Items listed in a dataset

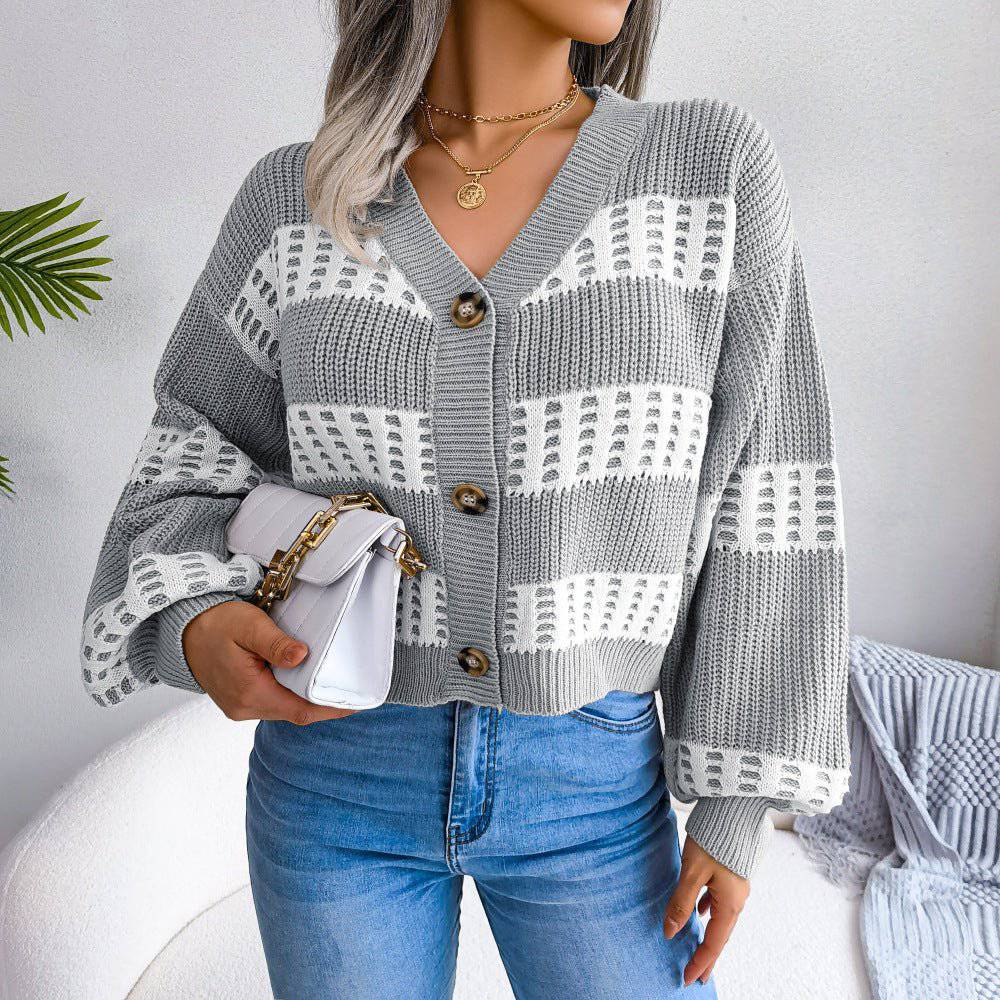Elegant Cozy Lantern Sleeve Cardigan Sweater for Fall and Winter S Gray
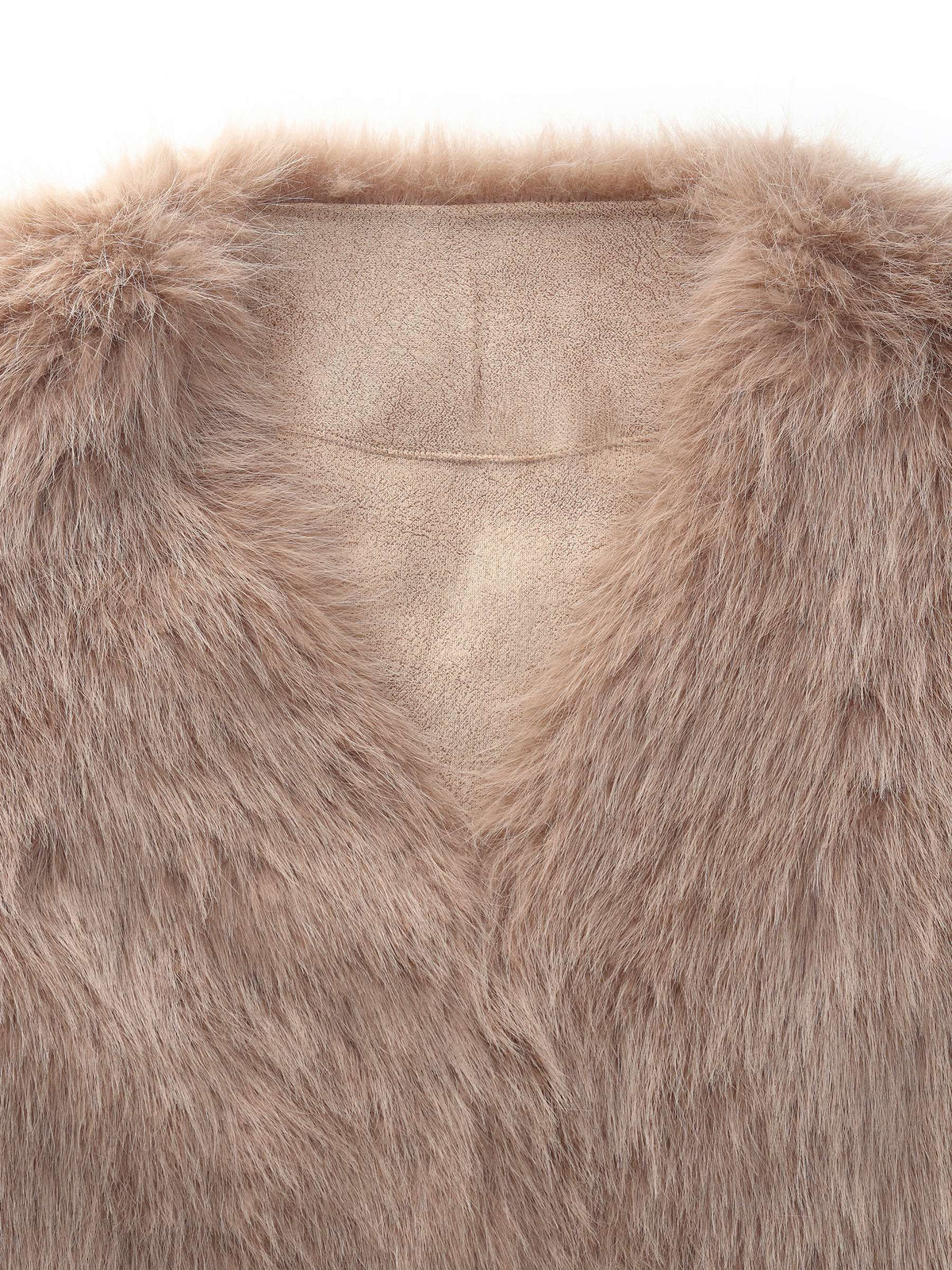 Eco-friendly Fur V-Neck Women Coat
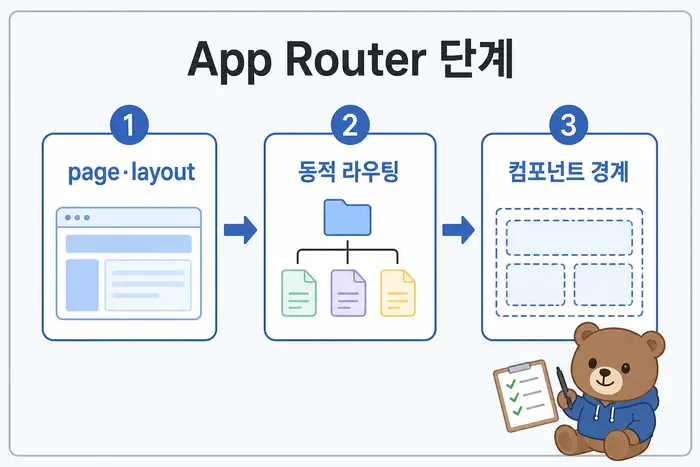 App Router 단계: page·layout, 동적 라우팅, 컴포넌트 경계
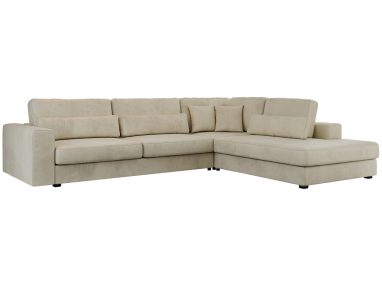 Narożnik SAVONA L - strona prawa - beżowy, welwet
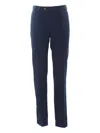Brunello Cucinelli Button-fly Cotton Trousers In Blue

TASK INSTRUCTIONS
All lines from the one bearing "Eco-friendly Fur V-Neck Women Coat" through the last line of the records, and only those, should be duplicated exactly; no picture belongs in the copy.

SOLUTION
 Eco-friendly Fur V-Neck Women Coat
 App Router 단계: page·layout, 동적 라우팅, 컴포넌트 경계
 Narożnik SAVONA L - strona prawa - beżowy, welwet
Brunello Cucinelli Button-fly Cotton Trousers In Blue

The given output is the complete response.